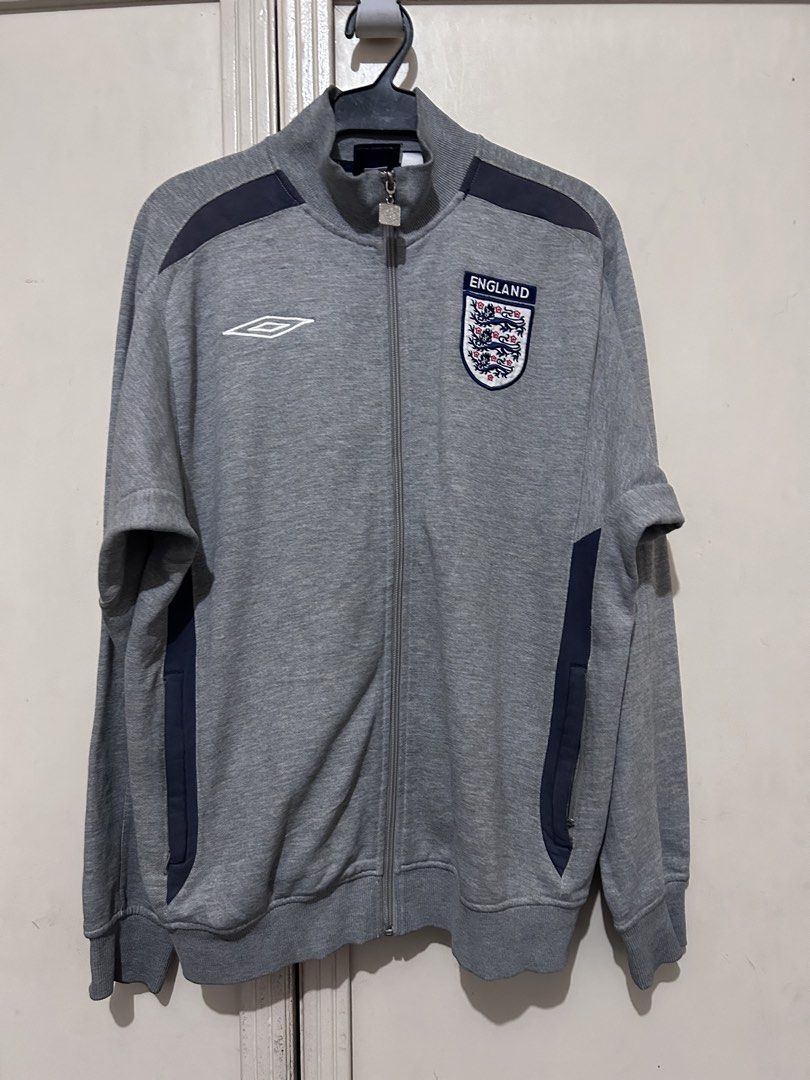 JACKETS HOODIES RAINCOAT WINDBREAKER (Category: Coats, Jackets and Outerwear) located in Quezon City. Submitted by adarpgaming (Listing ID 1446962717, Image 2). Description: BRANDED JACKETS/HOODIES SIZES SMALL - 2XL Location: Kamias Quezon City Pickup / Lalamove / J&T .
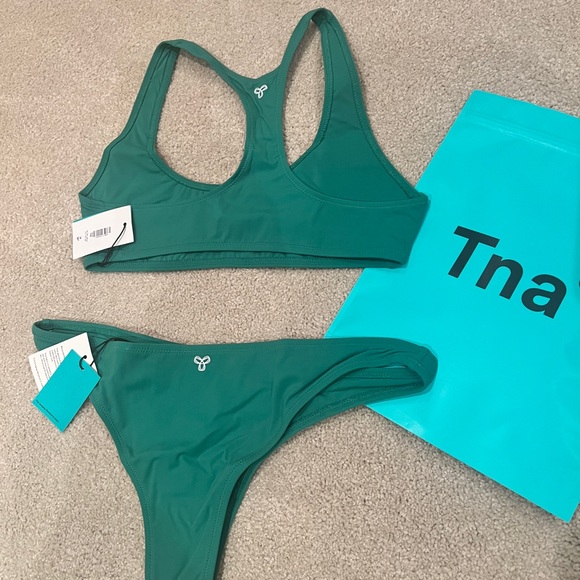 Aritzia TNA Bikini - Picture 3 of 4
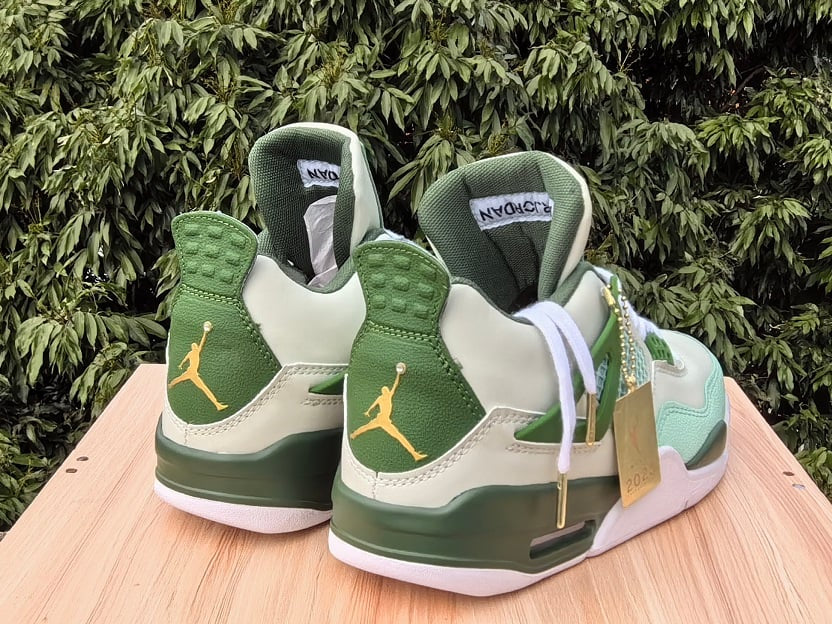 Air Jordan 4 "First Class" WNBA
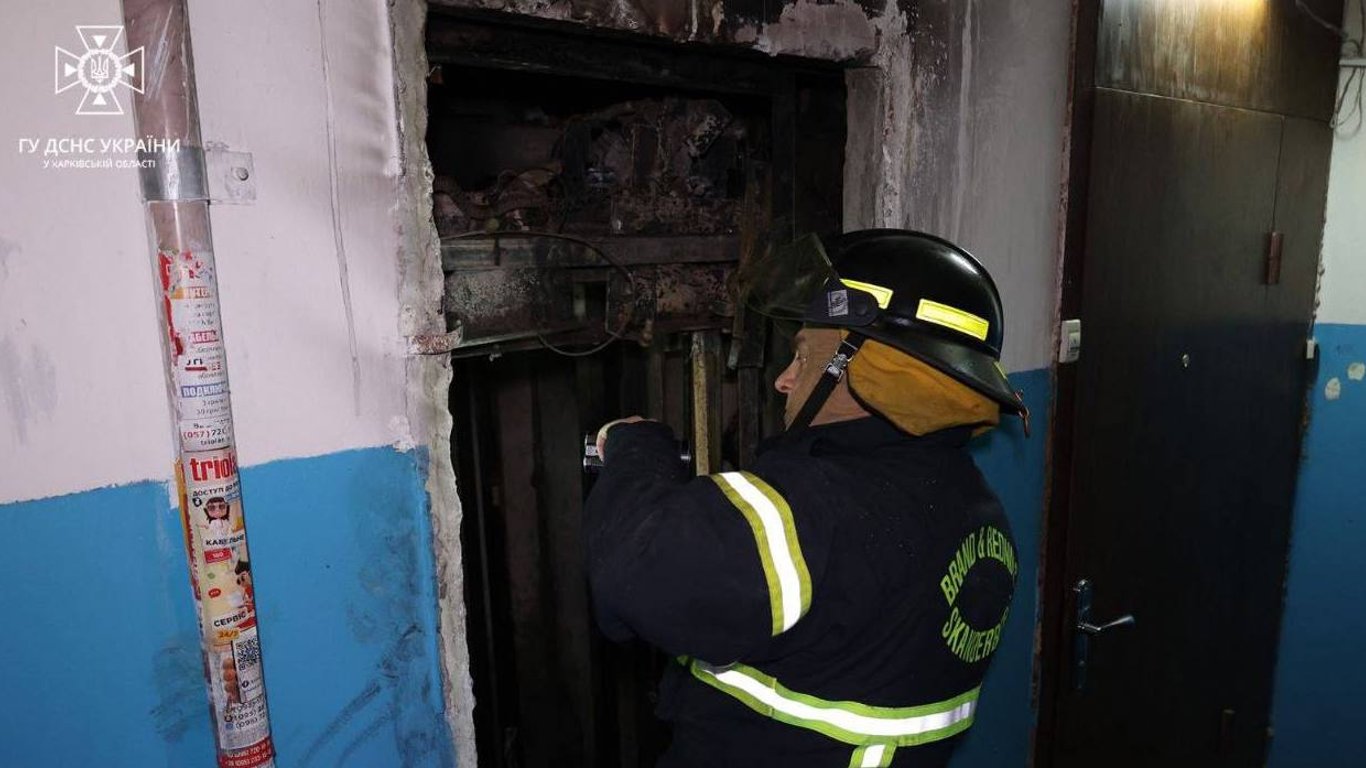 Стали відомі деталі трагедії у Харкові, де людина згоріла живцем у ліфті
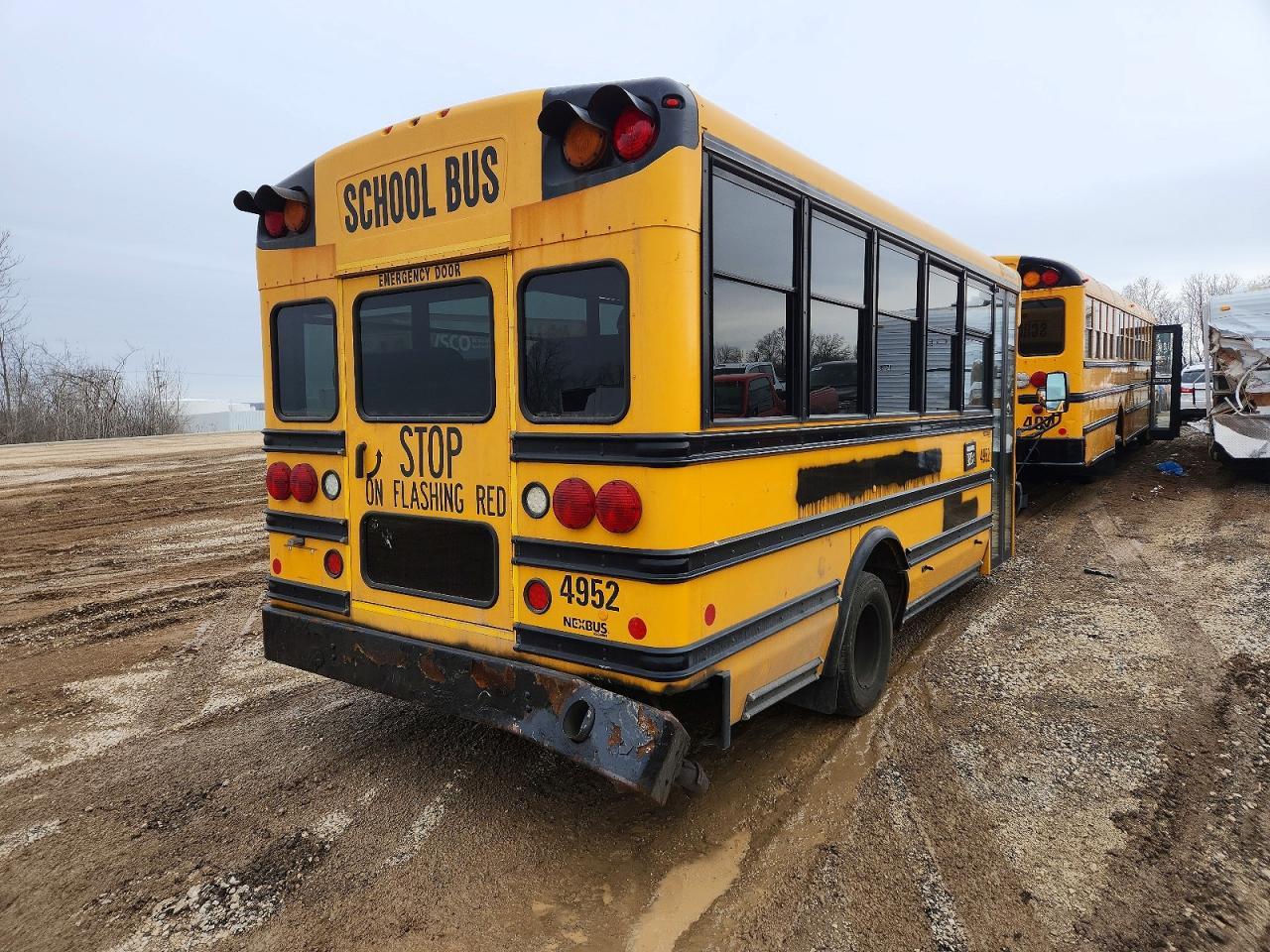 2013 Chev 2013 Collins Bantam G4500-School Bus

- YOUR GOAL: What is needed is a word-for-word copy of the lines from the start of the data to the line with "Air Jordan 4", inclusive, with no pictures in it.

- ANSWER SECTION:
 JACKETS HOODIES RAINCOAT WINDBREAKER (Category: Coats, Jackets and Outerwear) located in Quezon City. Submitted by adarpgaming (Listing ID 1446962717, Image 2). Description: BRANDED JACKETS/HOODIES SIZES SMALL - 2XL Location: Kamias Quezon City Pickup / Lalamove / J&T .
 Aritzia TNA Bikini - Picture 3 of 4
 Air Jordan 4 "First Class" WNBA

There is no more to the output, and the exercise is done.